ABCpdf currently supports SVG text, paths and image placeholders.
For example a simple "Hello World" PDF might produce
the following content:
<?xml version="1.0" standalone="no"?>
<!DOCTYPE svg PUBLIC "-//W3C//DTD SVG 1.1//EN" "http://www.w3.org/Graphics/SVG/1.1/DTD/svg11.dtd">
<svg width="612" height="792" x="0"
y="0">
<text x="0" y="76.8" font-size="96"
font-family="Times-Roman" >Hello World</text>
</svg>
SVG+ is an annotated form of SVG which includes details of the
PDF operators and how they relate to the items of content in the
SVG. It can be very useful if you are trying to deconstruct a page
and determine how objects in the PDF relate to objects in the SVG.
For example you could use SVG+ to identify the section of a PDF
stream that relates to a particular word on a page. You could then
replace the text show operator for that word with another one. Effectively
you'd be performing a low-level Search/Replace on the PDF document.
There is no official standard for SVG+ but if you are familiar
with the PDF specification it should be easy enough to understand.

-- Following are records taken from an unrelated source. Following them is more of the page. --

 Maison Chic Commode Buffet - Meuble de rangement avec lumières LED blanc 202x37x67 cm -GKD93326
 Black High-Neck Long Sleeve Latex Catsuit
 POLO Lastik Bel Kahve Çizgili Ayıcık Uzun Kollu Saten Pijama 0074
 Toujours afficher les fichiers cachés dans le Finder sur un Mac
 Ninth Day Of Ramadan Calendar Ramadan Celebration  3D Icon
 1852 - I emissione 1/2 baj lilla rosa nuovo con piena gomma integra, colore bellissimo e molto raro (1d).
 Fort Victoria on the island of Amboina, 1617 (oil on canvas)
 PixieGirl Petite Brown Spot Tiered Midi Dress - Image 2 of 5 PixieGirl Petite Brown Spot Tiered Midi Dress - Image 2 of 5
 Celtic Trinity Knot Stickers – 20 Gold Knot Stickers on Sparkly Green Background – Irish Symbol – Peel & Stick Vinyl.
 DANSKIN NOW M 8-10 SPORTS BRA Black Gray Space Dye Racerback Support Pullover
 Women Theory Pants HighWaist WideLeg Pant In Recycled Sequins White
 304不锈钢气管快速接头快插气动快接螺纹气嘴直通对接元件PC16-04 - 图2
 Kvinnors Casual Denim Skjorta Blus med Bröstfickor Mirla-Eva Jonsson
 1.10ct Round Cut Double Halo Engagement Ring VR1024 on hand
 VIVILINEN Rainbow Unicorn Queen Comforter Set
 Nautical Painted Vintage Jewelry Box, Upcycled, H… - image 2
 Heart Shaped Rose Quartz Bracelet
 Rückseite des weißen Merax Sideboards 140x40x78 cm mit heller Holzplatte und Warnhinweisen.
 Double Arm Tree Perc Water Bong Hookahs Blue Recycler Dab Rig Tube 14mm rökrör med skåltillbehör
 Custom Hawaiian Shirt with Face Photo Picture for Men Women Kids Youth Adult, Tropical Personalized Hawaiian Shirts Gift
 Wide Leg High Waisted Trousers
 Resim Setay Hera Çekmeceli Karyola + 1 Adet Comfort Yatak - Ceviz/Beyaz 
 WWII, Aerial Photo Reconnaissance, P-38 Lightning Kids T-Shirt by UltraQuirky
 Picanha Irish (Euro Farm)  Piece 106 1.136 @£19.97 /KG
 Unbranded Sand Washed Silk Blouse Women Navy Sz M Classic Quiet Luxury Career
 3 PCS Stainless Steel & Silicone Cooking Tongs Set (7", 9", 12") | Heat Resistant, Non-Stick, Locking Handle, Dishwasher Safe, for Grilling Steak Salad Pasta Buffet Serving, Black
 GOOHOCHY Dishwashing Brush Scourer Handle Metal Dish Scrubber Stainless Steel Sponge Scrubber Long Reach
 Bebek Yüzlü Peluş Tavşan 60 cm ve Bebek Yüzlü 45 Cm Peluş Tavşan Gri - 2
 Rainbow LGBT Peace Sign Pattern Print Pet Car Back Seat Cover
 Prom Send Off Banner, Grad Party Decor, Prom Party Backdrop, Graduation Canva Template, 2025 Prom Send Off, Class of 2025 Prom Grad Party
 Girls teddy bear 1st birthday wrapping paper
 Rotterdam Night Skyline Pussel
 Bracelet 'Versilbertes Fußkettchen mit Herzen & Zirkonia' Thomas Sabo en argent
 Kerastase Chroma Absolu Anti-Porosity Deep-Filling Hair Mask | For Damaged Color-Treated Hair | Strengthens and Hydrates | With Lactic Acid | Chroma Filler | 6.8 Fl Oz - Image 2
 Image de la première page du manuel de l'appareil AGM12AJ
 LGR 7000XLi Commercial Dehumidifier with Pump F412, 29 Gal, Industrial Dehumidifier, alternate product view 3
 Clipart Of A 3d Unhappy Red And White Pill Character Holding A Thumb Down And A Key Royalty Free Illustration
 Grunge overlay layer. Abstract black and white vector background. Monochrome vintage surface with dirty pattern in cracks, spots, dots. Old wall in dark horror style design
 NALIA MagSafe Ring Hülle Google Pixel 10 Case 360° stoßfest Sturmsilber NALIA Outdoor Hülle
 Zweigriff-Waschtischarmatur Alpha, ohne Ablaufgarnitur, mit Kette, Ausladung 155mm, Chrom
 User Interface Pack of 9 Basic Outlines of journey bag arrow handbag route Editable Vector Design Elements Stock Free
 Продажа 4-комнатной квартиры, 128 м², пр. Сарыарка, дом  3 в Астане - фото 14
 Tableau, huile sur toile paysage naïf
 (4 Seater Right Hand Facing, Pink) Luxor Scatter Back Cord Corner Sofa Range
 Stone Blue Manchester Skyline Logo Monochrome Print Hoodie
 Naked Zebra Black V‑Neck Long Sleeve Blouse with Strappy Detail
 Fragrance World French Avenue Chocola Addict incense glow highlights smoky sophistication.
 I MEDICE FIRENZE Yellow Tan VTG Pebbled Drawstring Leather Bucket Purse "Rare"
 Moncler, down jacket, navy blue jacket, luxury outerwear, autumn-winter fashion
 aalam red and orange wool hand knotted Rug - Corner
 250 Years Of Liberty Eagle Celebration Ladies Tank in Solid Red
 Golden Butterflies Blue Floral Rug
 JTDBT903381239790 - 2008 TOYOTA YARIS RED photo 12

For example a simple "Hello World" PDF might produce
the following content:
<?xml version="1.0" standalone="no"?>
<!DOCTYPE svg PUBLIC "-//W3C//DTD SVG 1.1//EN" "http://www.w3.org/Graphics/SVG/1.1/DTD/svg11.dtd">
<svg width="612" height="792" x="0"
y="0">
<pdf pdf_Op="q" pdf_StreamID="5" pdf_StreamOffset="0"
pdf_StreamLength="1" />
<pdf pdf_Op="BT" pdf_StreamID="5" pdf_StreamOffset="3"
pdf_StreamLength="2" />
<pdf pdf_Op="0 Tr" pdf_StreamID="5" pdf_StreamOffset="7"
pdf_StreamLength="4" />
<pdf pdf_Op="/Fabc6 96 Tf" pdf_StreamID="5"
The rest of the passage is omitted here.